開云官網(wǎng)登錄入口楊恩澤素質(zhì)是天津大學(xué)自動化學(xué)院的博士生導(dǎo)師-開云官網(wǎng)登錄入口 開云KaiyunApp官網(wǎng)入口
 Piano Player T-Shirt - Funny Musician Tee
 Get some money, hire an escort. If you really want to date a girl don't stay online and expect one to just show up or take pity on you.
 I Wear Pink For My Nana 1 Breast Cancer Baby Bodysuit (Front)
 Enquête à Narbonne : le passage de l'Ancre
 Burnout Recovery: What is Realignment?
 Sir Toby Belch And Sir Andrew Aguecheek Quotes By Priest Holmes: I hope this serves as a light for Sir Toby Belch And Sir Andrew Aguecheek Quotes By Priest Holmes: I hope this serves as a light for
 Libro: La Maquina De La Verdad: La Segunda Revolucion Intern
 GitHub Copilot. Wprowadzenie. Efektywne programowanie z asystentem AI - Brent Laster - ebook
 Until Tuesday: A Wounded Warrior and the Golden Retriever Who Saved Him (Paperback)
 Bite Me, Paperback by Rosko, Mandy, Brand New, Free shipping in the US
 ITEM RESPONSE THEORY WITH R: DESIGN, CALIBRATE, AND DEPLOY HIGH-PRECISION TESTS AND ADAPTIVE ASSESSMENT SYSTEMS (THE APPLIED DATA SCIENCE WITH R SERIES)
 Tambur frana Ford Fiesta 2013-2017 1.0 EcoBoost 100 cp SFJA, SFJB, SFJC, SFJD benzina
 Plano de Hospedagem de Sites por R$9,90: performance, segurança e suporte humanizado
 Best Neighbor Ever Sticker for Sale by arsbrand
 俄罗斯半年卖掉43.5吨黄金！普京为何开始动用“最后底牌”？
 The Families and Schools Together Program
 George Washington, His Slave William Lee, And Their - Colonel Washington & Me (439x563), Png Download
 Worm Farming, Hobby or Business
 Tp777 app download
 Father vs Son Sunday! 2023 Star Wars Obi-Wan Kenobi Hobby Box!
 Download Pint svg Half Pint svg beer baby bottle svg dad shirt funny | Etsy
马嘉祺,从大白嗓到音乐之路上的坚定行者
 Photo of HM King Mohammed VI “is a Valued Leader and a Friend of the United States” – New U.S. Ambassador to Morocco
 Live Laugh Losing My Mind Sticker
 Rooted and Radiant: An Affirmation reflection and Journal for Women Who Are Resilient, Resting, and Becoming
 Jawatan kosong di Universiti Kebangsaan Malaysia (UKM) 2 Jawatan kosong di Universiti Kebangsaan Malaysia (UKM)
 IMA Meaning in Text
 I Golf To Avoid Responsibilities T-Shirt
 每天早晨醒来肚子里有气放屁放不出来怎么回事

- **EXERCISE BRIEF**
Copy all lines above containing the string "Sticker".

- **YOUR RESPONSE**
 Best Neighbor Ever Sticker for Sale by arsbrand
 Live Laugh Losing My Mind Sticker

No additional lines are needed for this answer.